# Task prompt
The response should repeat word for word every line below from the one with "Two Tier Rattan" to the one with "Luxe Duurzame Baby", inclusive, and nothing else; leave pictures out.

BEGIN Data shown

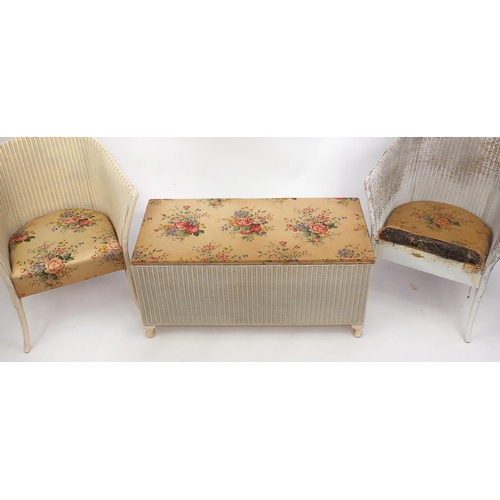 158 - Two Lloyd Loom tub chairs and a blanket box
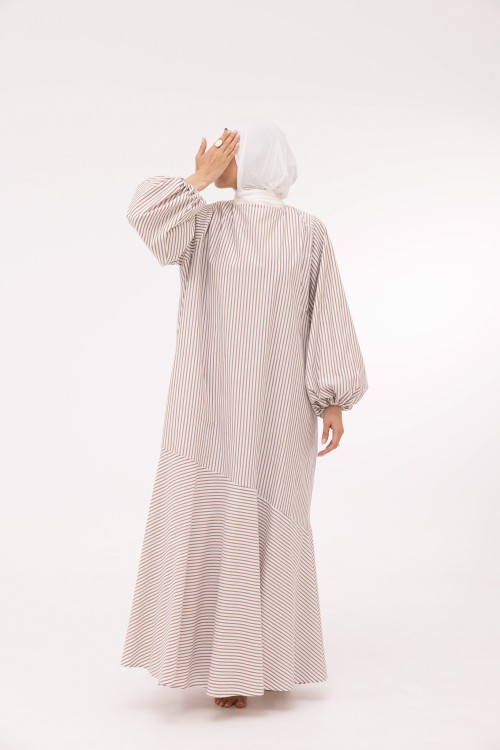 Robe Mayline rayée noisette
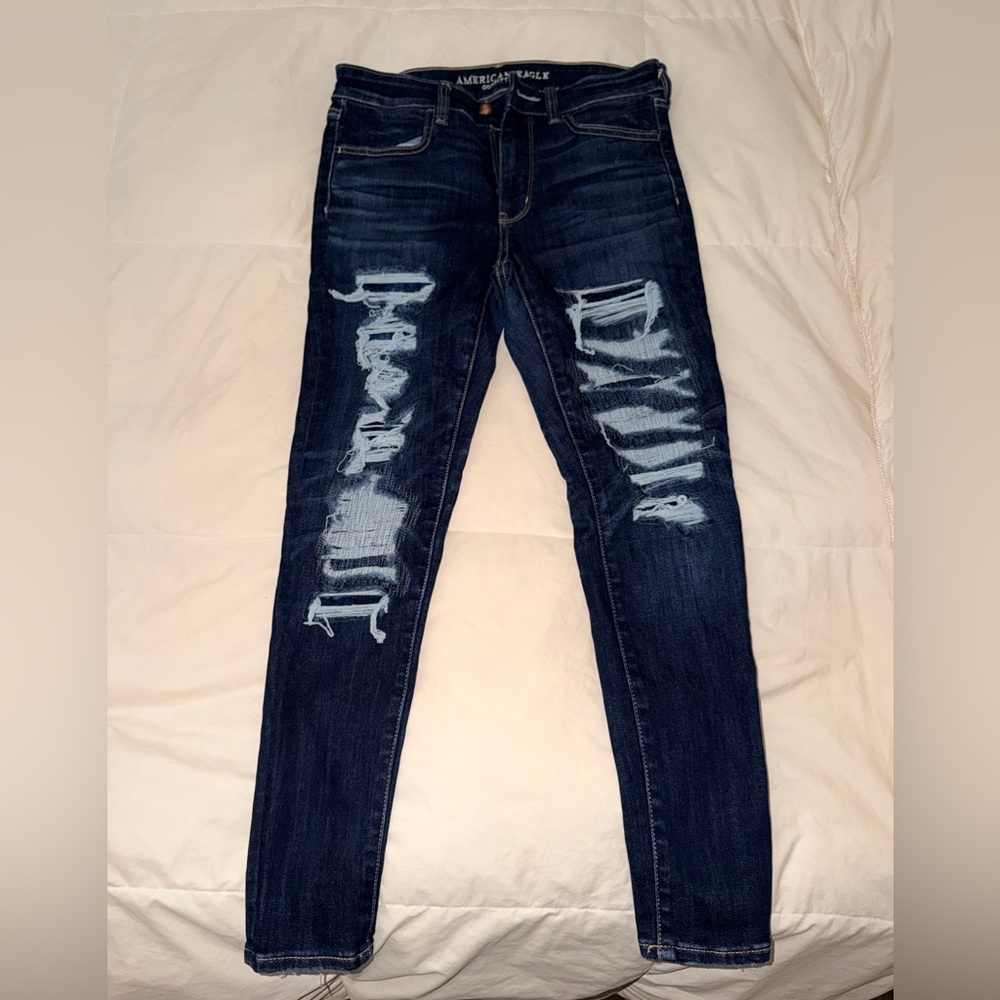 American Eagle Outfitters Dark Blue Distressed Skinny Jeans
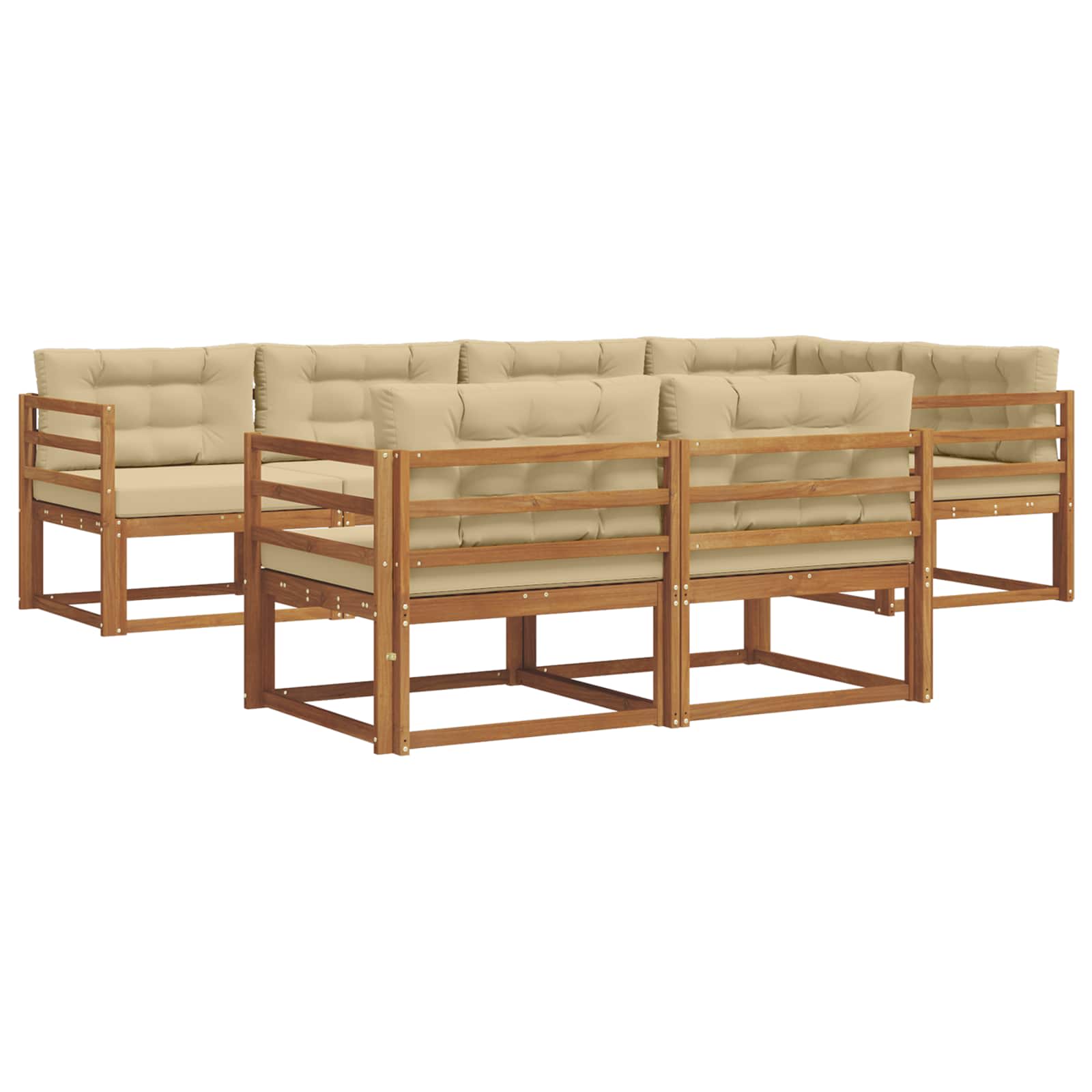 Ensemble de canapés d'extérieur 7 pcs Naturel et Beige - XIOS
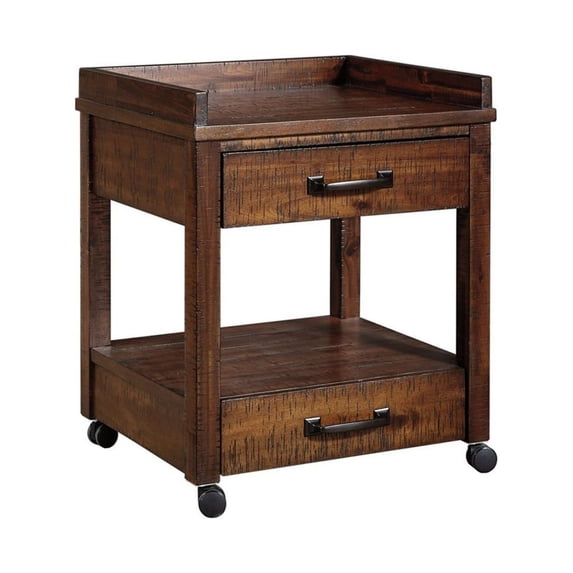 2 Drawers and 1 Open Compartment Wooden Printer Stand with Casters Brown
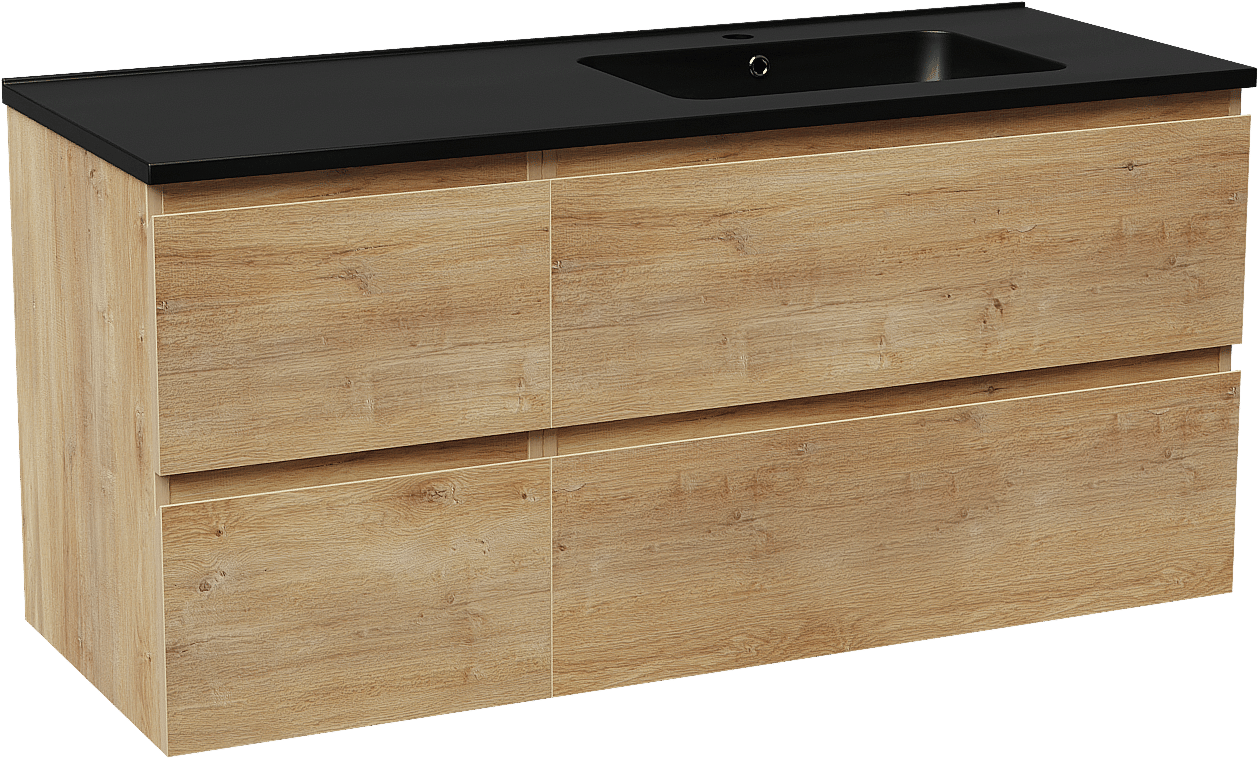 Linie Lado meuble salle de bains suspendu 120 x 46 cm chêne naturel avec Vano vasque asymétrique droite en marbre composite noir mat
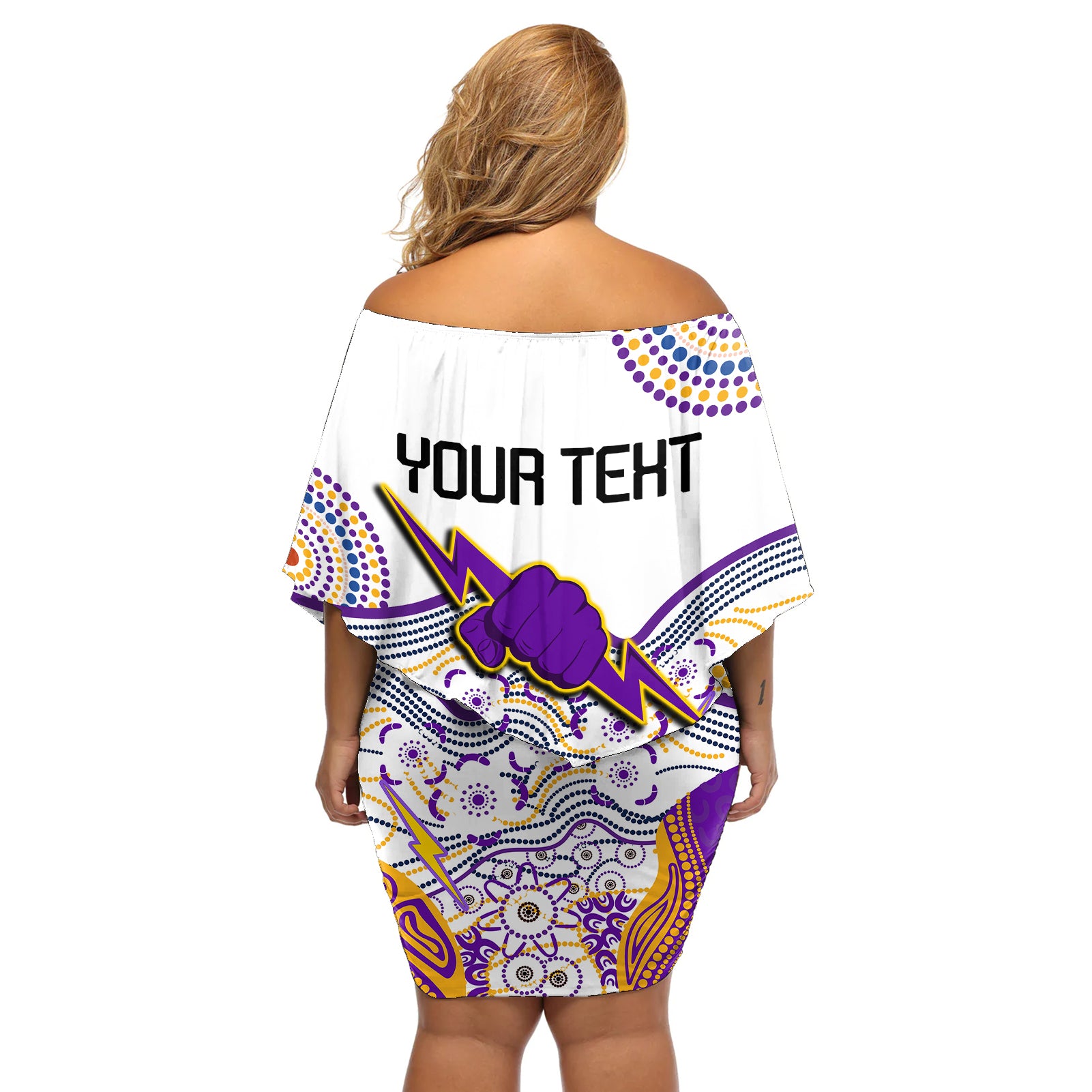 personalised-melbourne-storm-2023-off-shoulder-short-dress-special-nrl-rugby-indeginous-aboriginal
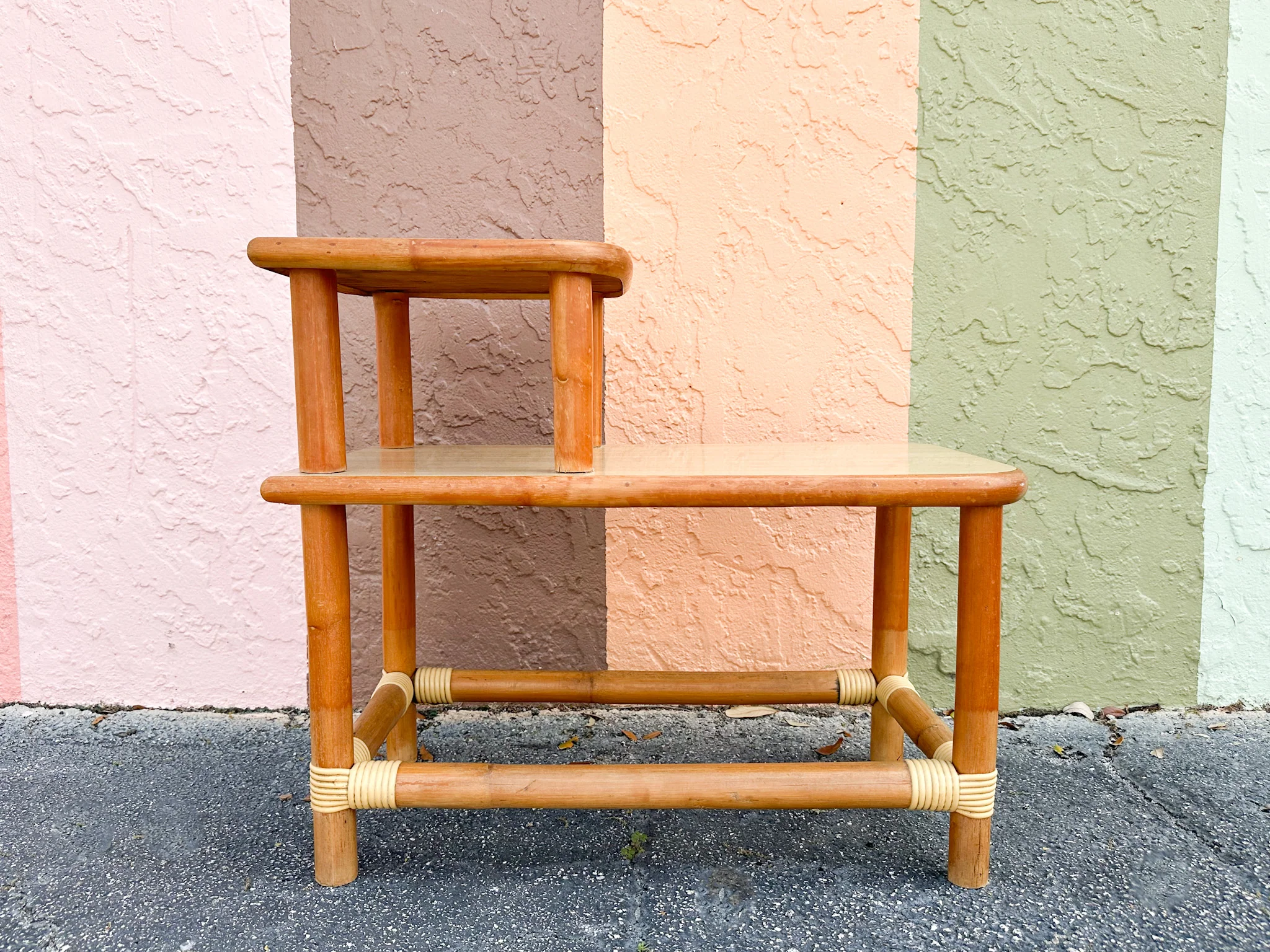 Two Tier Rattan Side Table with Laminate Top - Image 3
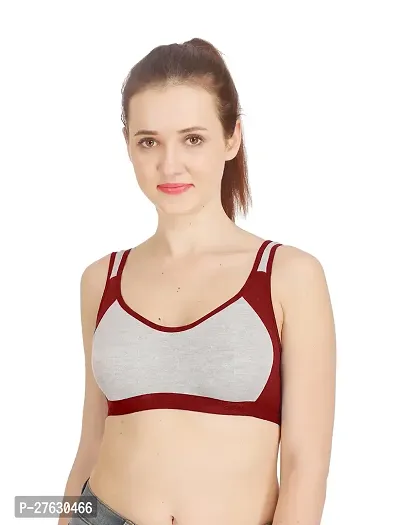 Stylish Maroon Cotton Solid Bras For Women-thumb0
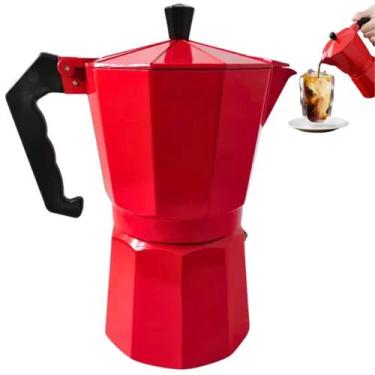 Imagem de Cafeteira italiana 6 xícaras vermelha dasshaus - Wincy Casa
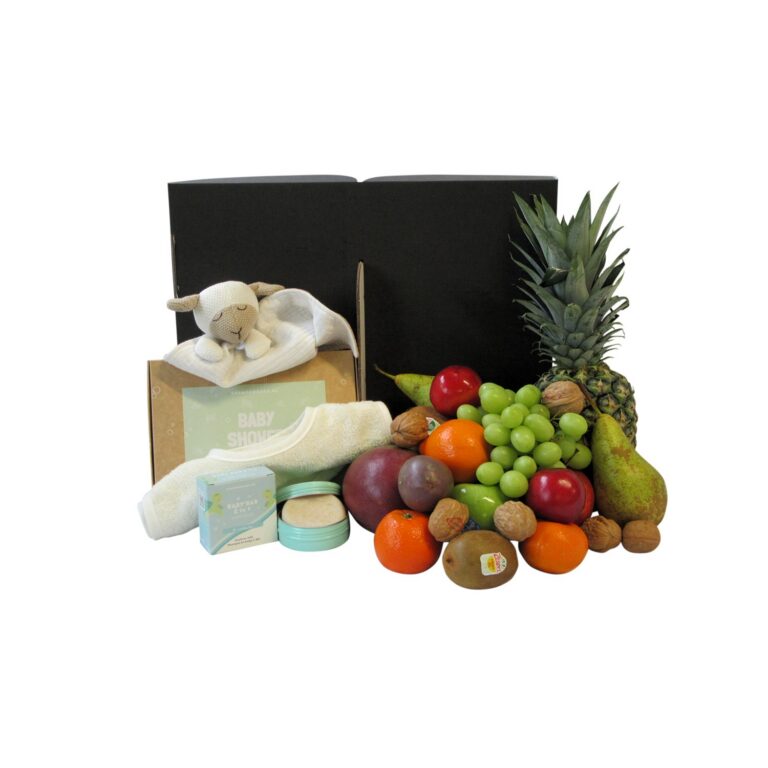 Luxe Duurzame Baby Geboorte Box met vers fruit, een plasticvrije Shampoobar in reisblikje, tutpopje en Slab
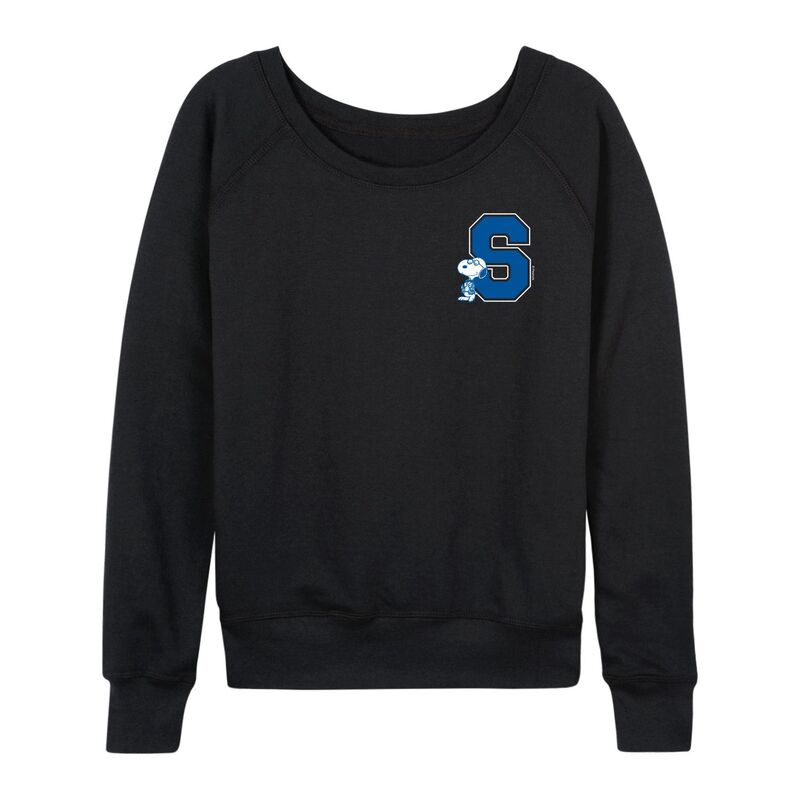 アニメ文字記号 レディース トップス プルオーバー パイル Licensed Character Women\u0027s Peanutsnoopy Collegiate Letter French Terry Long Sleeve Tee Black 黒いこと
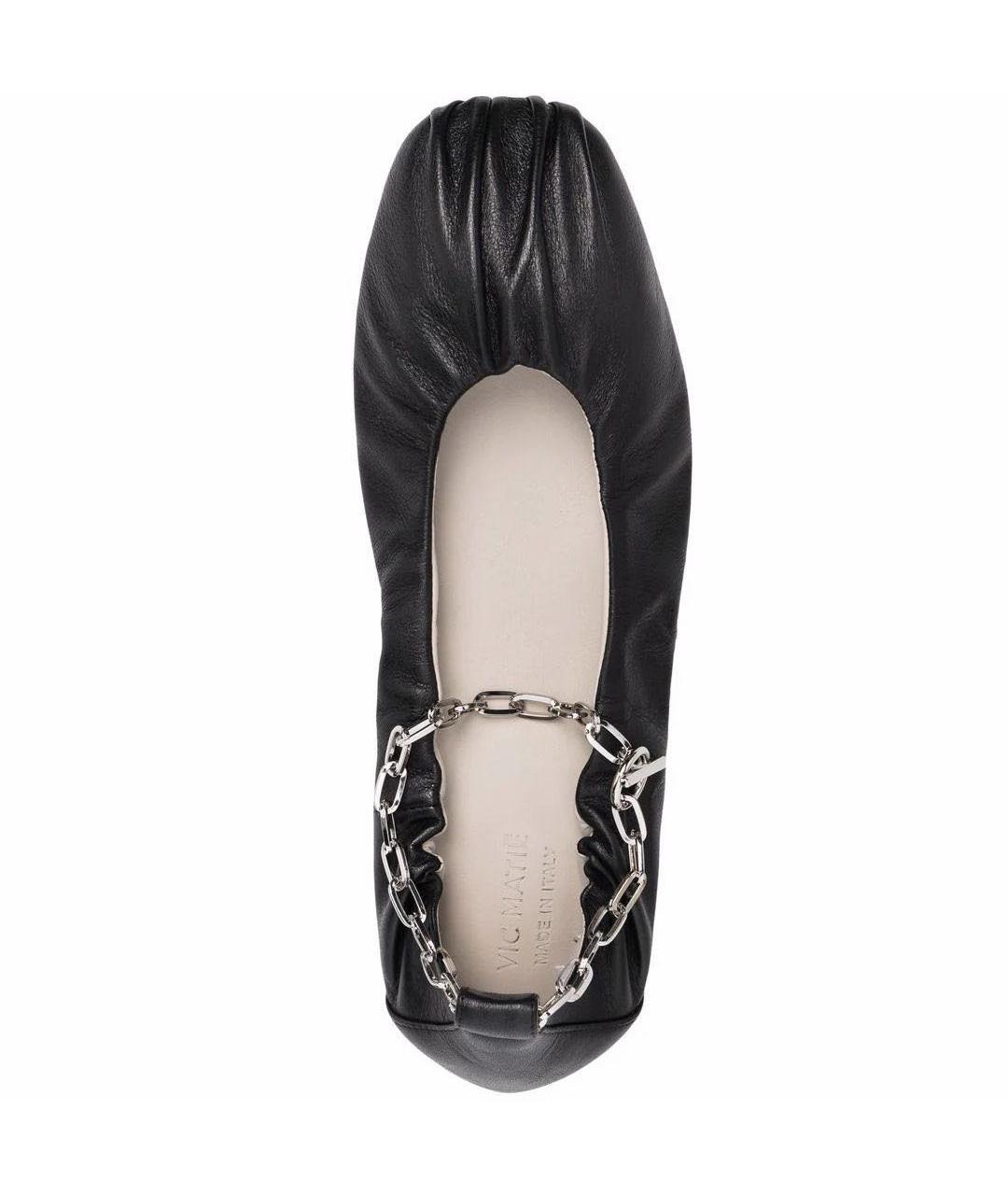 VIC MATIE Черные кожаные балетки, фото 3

END Data shown

# The completed task
 Two Tier Rattan Side Table with Laminate Top - Image 3
 Stylish Maroon Cotton Solid Bras For Women-thumb0
 Imagem de Cafeteira italiana 6 xícaras vermelha dasshaus - Wincy Casa
 Luxe Duurzame Baby Geboorte Box met vers fruit, een plasticvrije Shampoobar in reisblikje, tutpopje en Slab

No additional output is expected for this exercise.